There has been an ongoing discussion in magazines and the press about the idea of “uniform dressing”, especially for women. After all men have a uniform, especially for work. That would be the navy or grey suit, worn with a white or blue shirt, black or brown shoes, a belt and sometimes a tie. While women, traditionally in the west, have been the ones allowed far greater latitude in style and colour.
I have written about school uniform before, and I do find the idea of limitation, uniformity and formula very interesting. In this blog and in my book I have discussed the idea of the capsule wardrobe – a limited number of clothes that all get worn because they are interchangeable and work for all occasions. I am not very keen on “occasion(al) clothes” which fill the racks in our large stores because I think they can be uncomfortable and lack authenticity.
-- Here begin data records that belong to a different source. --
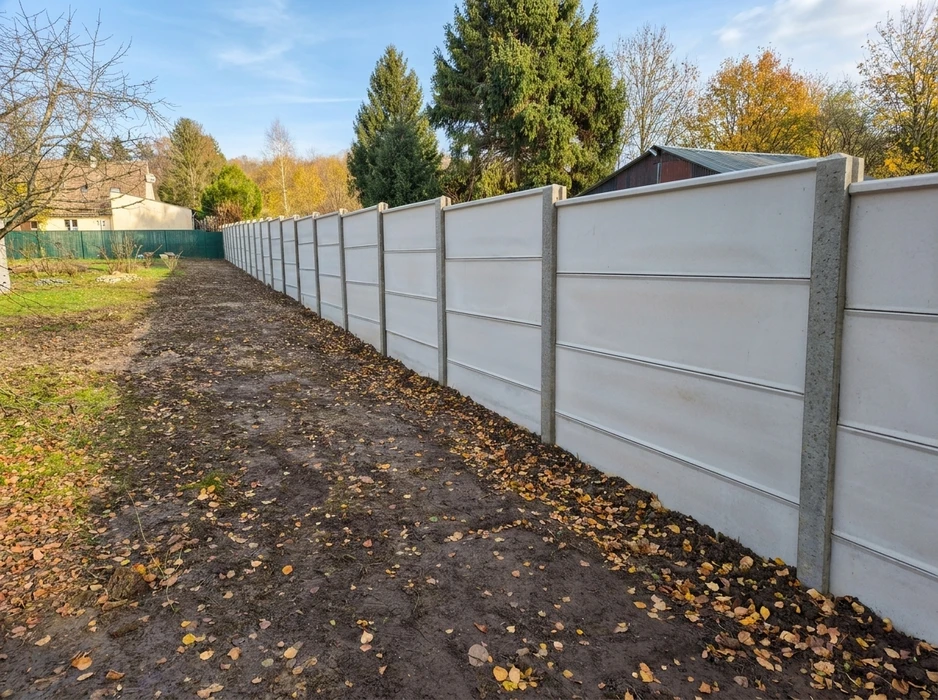 Clôture en béton préfabriqué neuve, posée en limite de propriété sur terrain extérieur en automne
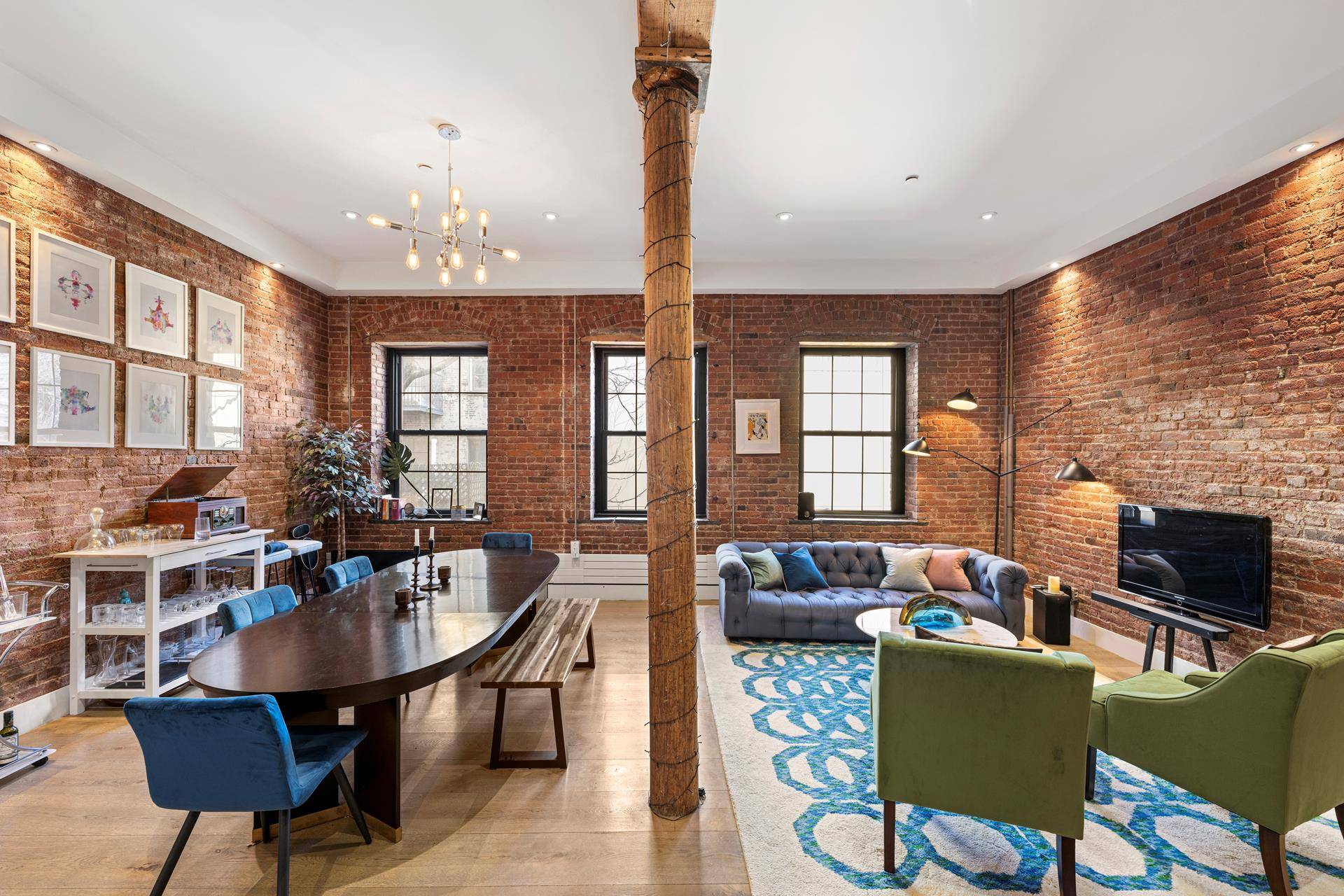 Mint condition historic condominium loft in the historic Seaport with high ceilings, wide plank hardwood floors, exposed brick, hewn wood beams and timber columns.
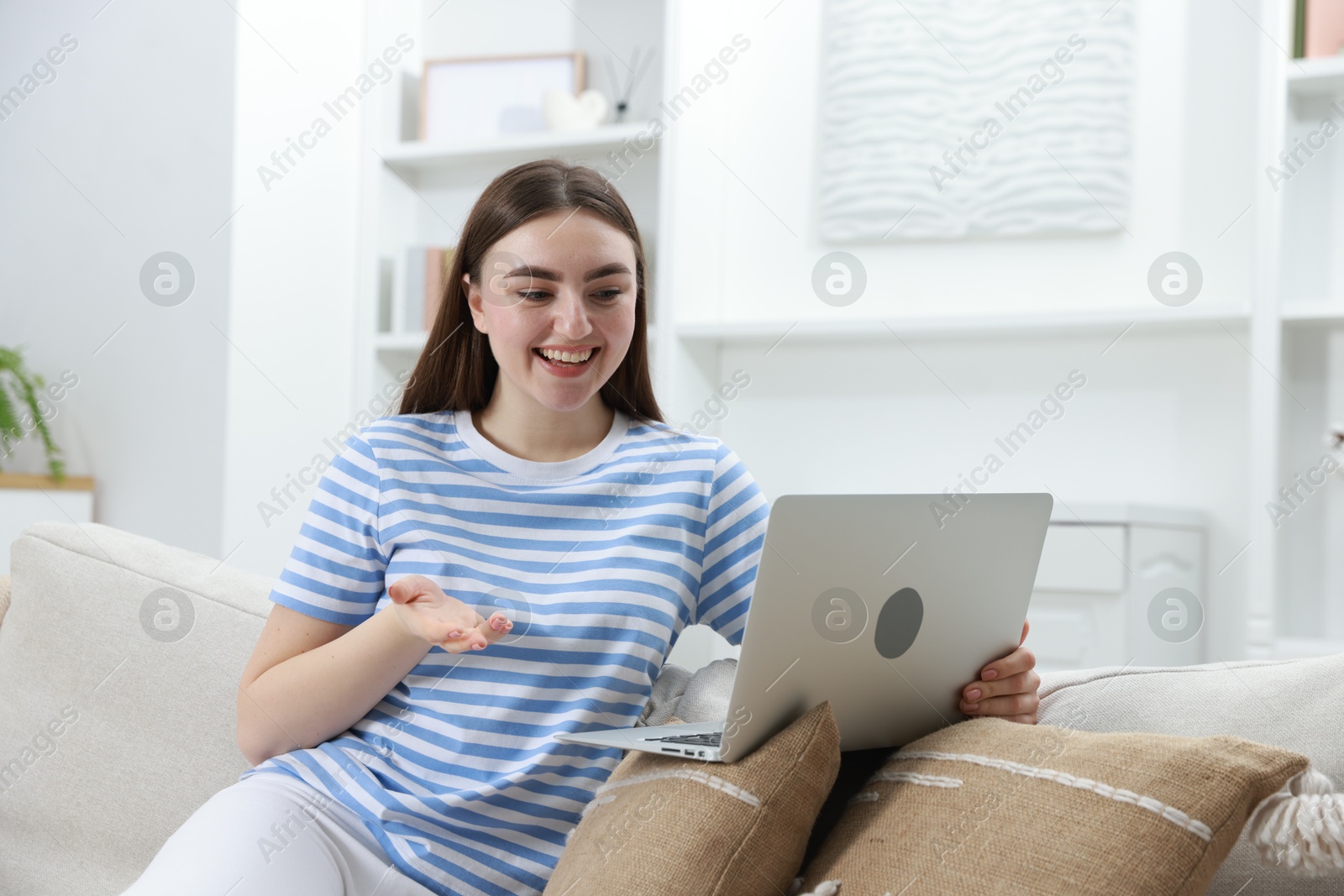 Photo of Happy young woman having video chat via laptop on sofa at home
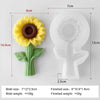 A silicone mold of a yellow sunflower flower and stem, shown next to its finished size.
If you are lucky enough to go to a wedding or the races or an important event I always think it is better to make or buy something that reflects your core look, rather than something that conforms to an expectation.
The appeal of uniform
- A “signature style” that people associate with you
- An opportunity to downsize your wardrobe
- Ease of putting a look together
- greater opportunity to wear your accessories
- Finding an outfit that really works for your lifestyle
- Knowing you will be comfortable in it every day, what ever happens
- Lower bills on clothes and laundry
I have been thinking about this for a long time, especially since I discovered this, the story of a woman who wore one dress for a year. She was trying to make a point about sustainable fashion and I was very interested in the concept.
Uniform dressing appeals to me partly because I am getting a bit tired of thinking about clothes.
It’s ironic, isn’t it? I find fashion fascinating as a phenomenon. I love looking at styles, and fabrics, textiles and catwalk collections. I have always had a love of clothes and making them. I still do to some extent, but as I noted previously I have this “peak stuff” feeling now. I live in the West, I have a well paid job and a comfortable existence and I have enough of everything I need. I feel I dress well, always appropriately, often with verve and style, authentically and comfortably. I just look at what I have and feel overwhelmed and dissatisfied with the space it takes up and the weight I feel I am carrying. The Kondo approach spoke to me and while I am not Gandhi or a Buddhist monk with very few possessions I would like to go in that direction.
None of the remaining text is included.